OpenACC Fortran pointer in the structured data construct

I was experimenting with the Fortran pointer feature in OpenACC and got some confusing result. The issue can be demonstrated by the following piece of code:

 ! pointer_test.f90
 program main
   implicit none
   integer it, na
   real, allocatable, target :: w(:, :)
   real, pointer :: wp(:, :)
   real aa
   na = 256
   allocate(w(na, na))
   !$acc enter data create(w)

   do it = 1, 10
     wp => w
     !$acc data present(wp)
     !$acc kernels
     wp = 0.
     !$acc end kernels

     aa = 2. * it
     !$acc kernels
     wp = aa 
     !$acc end kernels
     !$acc end data
   enddo
  

   do it = 1, 10
     wp => w
     !$acc kernels present(wp)
     wp = 0.
     !$acc end kernels

     aa = 2. * it
     !$acc kernels present(wp)
     wp = 1.
     !$acc end kernels
   enddo
   !$acc exit data delete(w)
 end program

The loop is actually a time-stepping loop. I need to launch several kernels among each iteration, so I put these kernels into a structured data region (The first loop). According to this post https://forums.developer.nvidia.com/t/openacc-fortran-pointer-how-to-question/165949, I can access the device copy of “w”via pointer by adding the pointer “wp”to the present clause.
I compile this program by:
nvfortran -acc -Minfo -r8 -O2 pointer_test.f90
The result is fine, but the profiling result shows that the data construct incurs some HtoD data movements at the beginning of every iteration, which causes some performance degradation. It looks like the pointer itself was kept copying from host to device.

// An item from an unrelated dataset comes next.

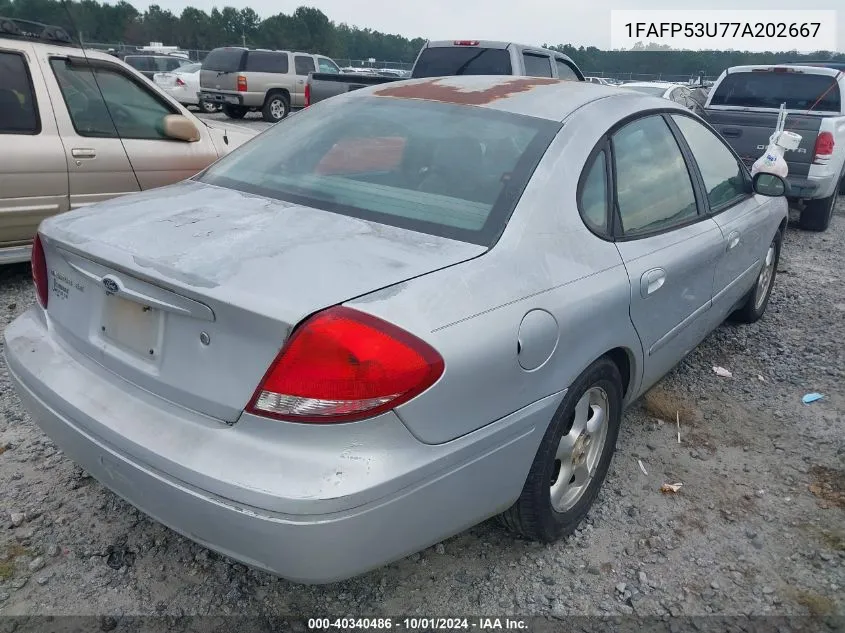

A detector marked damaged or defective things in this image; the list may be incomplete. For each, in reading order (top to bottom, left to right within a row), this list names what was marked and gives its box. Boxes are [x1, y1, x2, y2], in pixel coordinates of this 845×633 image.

rusty paint on roof [374, 77, 560, 105]
peeling paint [374, 77, 560, 105]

One workaround is moving the present clause to the implicit data region of each kernel instead (The second loop). The profiling result shows no data movement anymore.

I am wondering what is the difference between the structured data construct and the implicit data construct in this situation? Do I miss something about the structured data construct?

My HPC SDK version is 21.3. Attached is the profiling result got by Nsight-sys-2021.1.1.66.


Best regards

Hi JieyunPan,

What’s happening is that the runtime is updating the Fortran descriptor for the “wp” pointer when entering a data region. Though I believe we can optimize this away when the present is on the kernels region, but would need to ask our engineers if you need a more specific answer.

-Mat

Thanks, Mat. I will stick to the second method after knowing that it’s a safe optimization. It may be hard for me to understand more low-level cause, so I won’t need a more specific answer.

Best regards
Jieyun